Ann Tarantino is an artist working across media to explore the relationship of the natural world to the built environment. Through drawing, painting, installation and site-specific public art, she engages viewers in a dialogue around the relationship of landscapes to time, space, culture, and movement. Her work has been exhibited widely in the United States and abroad, with public art installations appearing in settings ranging from museums and galleries to botanical gardens and city streets. A New England native, Tarantino spent her formative years near the ocean – a constant that continues to inform her experiences of the landscape and the form of her work. Movement through time and space have been ongoing fascinations as she has traveled back and forth between continents, living and working variously in Japan, Brazil, Europe, and the United States, with each landscape leaving a distinct imprint on her work.
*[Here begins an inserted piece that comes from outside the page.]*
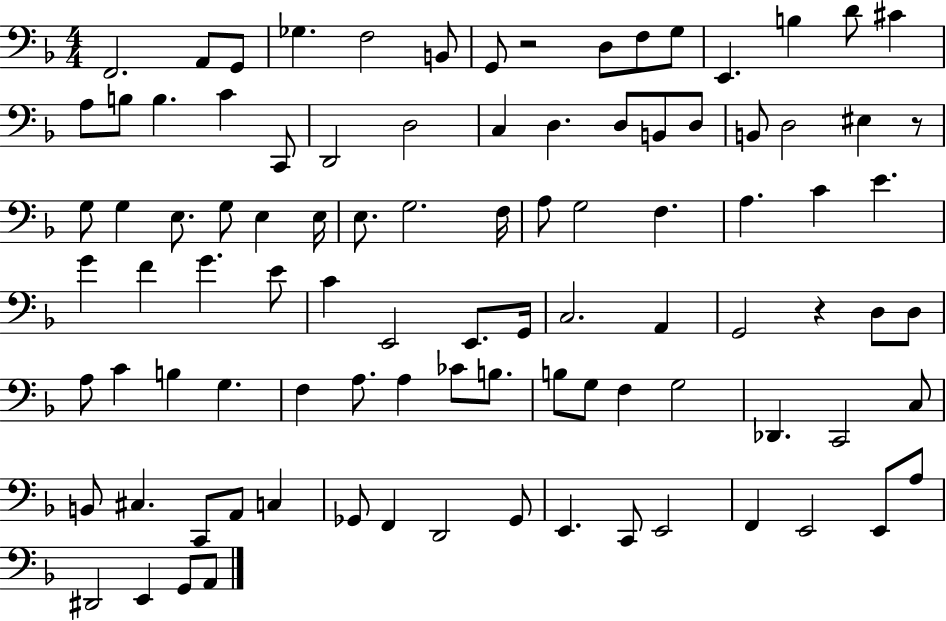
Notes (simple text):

F2/h. A2/e G2/e Gb3/q. F3/h B2/e G2/e R/h D3/e F3/e G3/e E2/q. B3/q D4/e C#4/q A3/e B3/e B3/q. C4/q C2/e D2/h D3/h C3/q D3/q. D3/e B2/e D3/e B2/e D3/h EIS3/q R/e G3/e G3/q E3/e. G3/e E3/q E3/s E3/e. G3/h. F3/s A3/e G3/h F3/q. A3/q. C4/q E4/q. G4/q F4/q G4/q. E4/e C4/q E2/h E2/e. G2/s C3/h. A2/q G2/h R/q D3/e D3/e A3/e C4/q B3/q G3/q. F3/q A3/e. A3/q CES4/e B3/e. B3/e G3/e F3/q G3/h Db2/q. C2/h C3/e B2/e C#3/q. C2/e A2/e C3/q Gb2/e F2/q D2/h Gb2/e E2/q. C2/e E2/h F2/q E2/h E2/e A3/e D#2/h E2/q G2/e A2/e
Recent exhibitions and projects include major public commissions for New York City's Department of Transportation DOT Art program in collaboration with the Downtown Brooklyn Partnership, and for the City of Ogden, Utah. Her work is in public and private collections worldwide.
Twice featured in New American Painting, Tarantino was a 2016-17 recipient of a Fulbright Core Scholar Award for artistic practice in Brazil. She earned an honors degree in Visual Arts from Brown University and her Master of Fine Arts with a concentration in Painting from The Pennsylvania State University.